Bevestiging van vonnis met aanvulling van overwegingen en verbetering van beslissing omtrent vordering benadeelde partij in strafzaak

In deze zaak heeft het Gerechtshof Arnhem-Leeuwarden op 29 juli 2021 uitspraak gedaan in hoger beroep tegen een vonnis van de rechtbank Midden-Nederland van 15 september 2020. De rechtbank had de verdachte vrijgesproken van opzettelijk zwaar lichamelijk letsel toebrengen, maar veroordeeld voor poging tot zware mishandeling tot een gevangenisstraf van 9 maanden, met aftrek van voorarrest, en oplegging van de maatregel TBS met verpleging. Daarnaast werd de vordering tot tenuitvoerlegging afgewezen en de vordering van de benadeelde partij volledig toegewezen, vermeerderd met wettelijke rente.

Het hof heeft de zaak opnieuw beoordeeld en is van oordeel dat de rechtbank in grote lijnen juist heeft beslist, maar heeft enkele aanvullingen gedaan op de overwegingen met betrekking tot het bewijs en de beslissing over de vordering van de benadeelde partij. Het hof heeft vastgesteld dat de verdachte, terwijl het slachtoffer al op de grond lag, doorbleef slaan, wat heeft geleid tot ernstig letsel, waaronder een gebroken neus en hersenschudding. De verklaring van de verdachte dat hij slechts een klap met de vlakke hand heeft gegeven, werd door het hof als ongeloofwaardig bestempeld.

De benadeelde partij heeft in eerste aanleg een vordering tot schadevergoeding ingediend, die door de rechtbank volledig werd toegewezen. In hoger beroep heeft het hof de vordering opnieuw beoordeeld en vastgesteld dat de benadeelde partij recht heeft op een schadevergoeding van € 3.883,41, bestaande uit materiële en immateriële schade, vermeerderd met wettelijke rente.
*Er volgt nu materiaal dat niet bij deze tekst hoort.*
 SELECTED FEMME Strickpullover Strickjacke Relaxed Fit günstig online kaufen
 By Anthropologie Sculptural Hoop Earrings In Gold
Het hof heeft de vordering tot schadevergoeding voor een deel toegewezen en voor het overige de benadeelde partij niet-ontvankelijk verklaard. De verdachte is veroordeeld tot betaling van de schadevergoeding aan de benadeelde partij, met een aanvangsdatum voor de wettelijke rente vastgesteld op 27 mei 2019.

Uitspraak

Afdeling strafrecht
Parketnummer: 21-003265-20
Uitspraak d.d.: 29 juli 2021
TEGENSPRAAK
Arrestvan de meervoudige kamer voor strafzaken van het gerechtshof Arnhem-Leeuwarden, zittingsplaats Leeuwarden,
gewezen op het hoger beroep, ingesteld tegen het vonnis van de rechtbank Midden-Nederland van 15 september 2020 met parketnummer 16-130584-19 en de van dat vonnis deel uitmakende beslissing op de vordering tot tenuitvoerlegging, parketnummer 16-029294-18, in de strafzaak tegen

[verdachte] ,

geboren te [geboorteplaats] op [geboortedatum] 1977,
thans verblijvende in P.I. Flevoland, HvB Lelystad te Lelystad.

Het hoger beroep

De verdachte heeft tegen het hiervoor genoemde vonnis hoger beroep ingesteld.

Onderzoek van de zaak

Dit arrest is gewezen naar aanleiding van het onderzoek op de terechtzittingen van het hof van 17 mei 2021, 15 juli 2021 en, overeenkomstig het bepaalde bij artikel 422 van het Wetboek van Strafvordering, het onderzoek op de terechtzitting in eerste aanleg.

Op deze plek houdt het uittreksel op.